Выбрать главу

К экспрессионизму, и притом экспрессионизму безнадежно декадентскому, приходится отнести двух известных в Европе русских скульпторов — Цадкина и Липшица. Однако они весьма мало понятны, весьма мало убедительны, по крайней мере на мой вкус. Я знаю, что есть люди, которые восхищаются произведениями Липшица, но, по всей вероятности, в объяснение своего восторга они могли бы только прищелкнуть языком и заявить, что «в нем что–то есть».

Говоря о скульптуре, хочу отметить, что никоим образом нельзя ставить в ряд с Липшицем весьма замечательного Бранкусси. По крайней мере обе его металлические вещи — «Леда» и «Птица в пространстве» — это совсем иная музыка, и они относятся, конечно, к неореалистическим путям. При всей кажущейся беспредметности это прежде всего сам по себе предмет, и при этом предмет огромной характерности и убедительности. Заметьте: произведения Бранкусси не только красивы своей поверхностью, необыкновенно любопытным и изысканным сооружением, не только своей с первого же взгляда приятной массивностью и убедительностью, но они на самом деле заряжены чрезвычайно большой выразительностью.

Тяжелая «Леда» имеет, например, в своей верхней части (особенно если на нее смотреть спереди) увлекательнейшую стремительность птицы без крыльев; она летит и как бы вонзается в пространство. В то же время в ее нижней части есть необыкновенная солидная устойчивость, взятая почти с каким–то юмором. В этой «птице» есть какое–то противопоставление устремленности и консерватизма. И много еще можно было бы сказать об этом замечательном куске металла.

Равным образом и в виртуозном «пере» («Птица в пространстве») есть такая элегантная гордость, такое немножко нахальное, но красивое щегольство, что эта «беспредметная» вещь может вызвать большее чувство, чем иной портрет.

Возвращаюсь к экспрессионистам. Ван Донген прислал одну из лучших своих картин за последнее время — «Серебряную рубашку» *.

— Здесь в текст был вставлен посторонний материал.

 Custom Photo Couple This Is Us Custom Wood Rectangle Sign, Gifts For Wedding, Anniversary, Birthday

*В своей первой манере Ван Донген был фантастически выразительным певцом Декадентствующей богемы и создал своеобразно–небывалый тип полупризрачной женщины, преисполненной всякого рода бодлеровскими «дьяволизмами». Теперь он стал иным.

Это чрезвычайно утонченное, полное действительно изысканного вкуса изображение той женщины–игрушки, какую в самое последнее время стали создавать себе «большие господа»: тут и новейшие «линии», тут и загадочное выражение глаз, и чрезвычайная внешняя независимость существа, которое знает, что оно дорого стоит и что всякий его желает, — словом, это самая современная «Нана». Если капиталист покупает эту соблазнительную тонкую вещь как естественное украшение того нового комфорта, к которому устремляются империалистические магнаты, то и для нас картина не лишена ценности, хотя бы как весьма точный показатель одной из сторон жизни и интересов нашего врага.

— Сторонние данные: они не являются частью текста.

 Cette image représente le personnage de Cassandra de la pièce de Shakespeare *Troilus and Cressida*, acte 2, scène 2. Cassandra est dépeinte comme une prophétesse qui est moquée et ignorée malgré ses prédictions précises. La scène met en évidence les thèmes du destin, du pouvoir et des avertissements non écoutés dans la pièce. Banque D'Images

Своего рода начинающими экспрессионистами (ведь и вообще–то во Франции экспрессионизм только начинается) нужно признать и таких русско–парижских художников, как Терешкович, Рыбак и отчасти Мане–Кац.

Терешкович — очень свежий пейзажист. Но его портрет уродливого ажана[319] относится уже прямо к экспрессионизму, и при-' том к интересному. Хорошо у Терешковича именно то, что он не теряет формы, что, не вовлекаясь в крайности экспрессионизма, где он становится уже сумбурным и нечленораздельным, оставаясь живописцем, любящим ремесло и краски, он стремится в то же время к психологическому содержанию — в «Портрете» даже к социальному содержанию. Ведь уродство изображенного на портрете старика заключается не столько в ужасном бесформенном носе (этого могло бы даже и не быть), сколько в тупых, оловянных глазах, свидетельствующих об обездушенности, к которой он пришел путем всей своей жизни. Когда–то Добужинский дал портрет «Человека в очках», в котором синтезировал весь мертвенный интеллигентский педантизм. Перед картиной Терешковича тоже можно сказать: «До чего довели человека» — и при этом думать об очень, очень многих «человеках».

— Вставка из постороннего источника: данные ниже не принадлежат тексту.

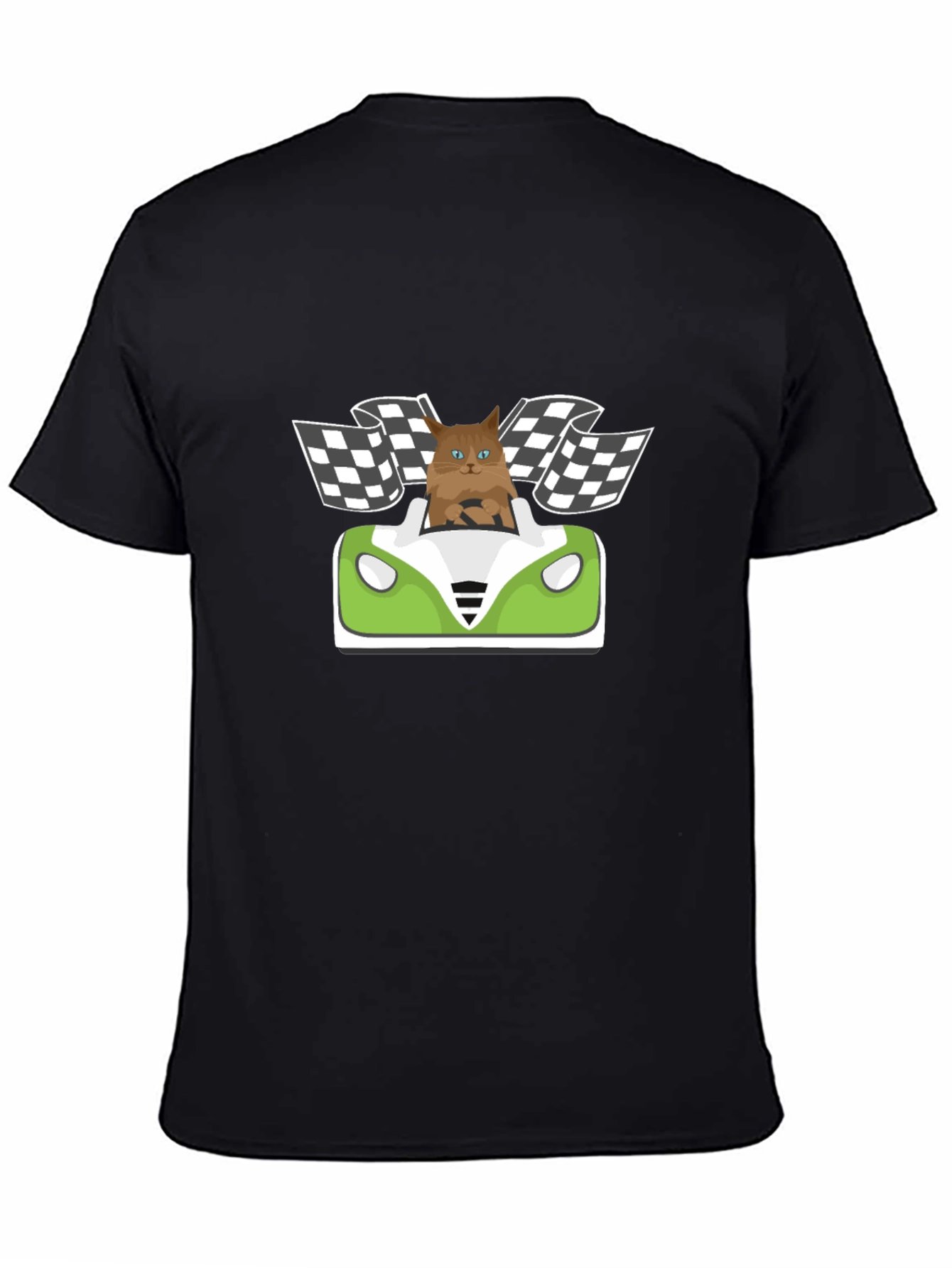 Cat Racer T-Shirt: Funny Cartoon Cat Driving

У Рыбака симпатична его бурная красочность. Но она пока не находит никакого определенного русла. Напор какой–то страсти, протеста имеется у него несомненно, имеются и признаки большой внутренней взволнованности. Уяснить себе сущность этого волнения или найти для него достаточно значительный объект Рыбаку, по–видимому, еще не удалось.